Roth conta que seu filme de terror cruza os rumores que achou na internet sobre uma casa de horror tailandesa – pagando US$ 10 mil, você podia entrar numa sala escura para torturar alguém – com uma experiência pessoal: na época da derrocada do comunismo, ele circulou como mochileiro por lugares desertos e sem viço do Leste Europeu.
A trama é a seguinte: em Amsterdã, depois de horas de sexo, drogas e música eletrônica, dois universitários americanos – o festeiro Paxton (Jay Hernandez) e o tímido Josh (Derek Richardson) – e um islandês tarado (Eythor Gudjonsson) recebem "a" dica. Em uma cidadezinha da Eslováquia, existe um albergue onde belas garotas são abundantes e bastante receptivas a um sotaque estrangeiro.

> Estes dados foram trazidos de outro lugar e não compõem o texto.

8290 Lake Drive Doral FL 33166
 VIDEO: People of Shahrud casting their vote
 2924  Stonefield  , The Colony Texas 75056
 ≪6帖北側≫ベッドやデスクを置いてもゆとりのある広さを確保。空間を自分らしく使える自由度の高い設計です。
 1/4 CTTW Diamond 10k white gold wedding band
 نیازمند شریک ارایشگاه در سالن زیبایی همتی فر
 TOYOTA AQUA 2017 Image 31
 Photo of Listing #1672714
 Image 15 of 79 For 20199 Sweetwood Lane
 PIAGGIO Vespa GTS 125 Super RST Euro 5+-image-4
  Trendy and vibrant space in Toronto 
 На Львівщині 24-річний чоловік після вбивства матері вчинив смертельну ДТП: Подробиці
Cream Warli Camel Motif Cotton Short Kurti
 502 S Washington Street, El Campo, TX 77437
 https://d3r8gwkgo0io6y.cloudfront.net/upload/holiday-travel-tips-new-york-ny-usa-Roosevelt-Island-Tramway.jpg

Até então, O Albergue desenvolve-se quase como uma comédia na linha Férias Frustradas, refletindo – intencionalmente ou não – o turvo olhar do americano médio sobre os outros povos. Afinal, não parece sátira sutil, mas só ignorância quando o informante dos mochileiros justifica a fome de sexo das eslovacas devido à escassez de homens "por causa da guerra". Se a referência é à guerra civil na Iugoslávia, nos anos 1990, vai ver Roth quis dizer Eslovênia.
No seu gênero, O Albergue encontra muitos pares. Repete a clássica punição para o desejo sexual de títulos antológicos, como Sexta-Feira 13 (1980). Como em Wolf Creek (2005), em que três jovens viajantes acabam vítimas de um sádico, Roth guarda a violência para a segunda metade do filme. Como em Jogos Mortais (2004), a sanguinolência é repugnante (corpos perfurados com broca, retirada de órgãos sem anestesia).
O auê em torno de O Albergue, à época de seu lançamento no cinema (o trailer passava seguidamente na TV), era um retrato daqueles tempos em que até desenhos animados investiam no gore – criaturas fofinhas eram submetidas a atos de brutalidade em Happy Tree Friends, sucesso na MTV e na internet.
Também ajudava o fato de Eli Roth ser apadrinhado por Quentin Tarantino. Desde o sucesso de Pulp Fiction (1994), o nome do cineasta americano funciona como chancela para a fruição da violência como divertimento.
Contudo, o sadismo de O Albergue não permite risos – e o que é mais incômodo: o público pode se ver aliviado quando um dos jovens, para sobreviver, usa as mesmas armas e os mesmos métodos de seus algozes.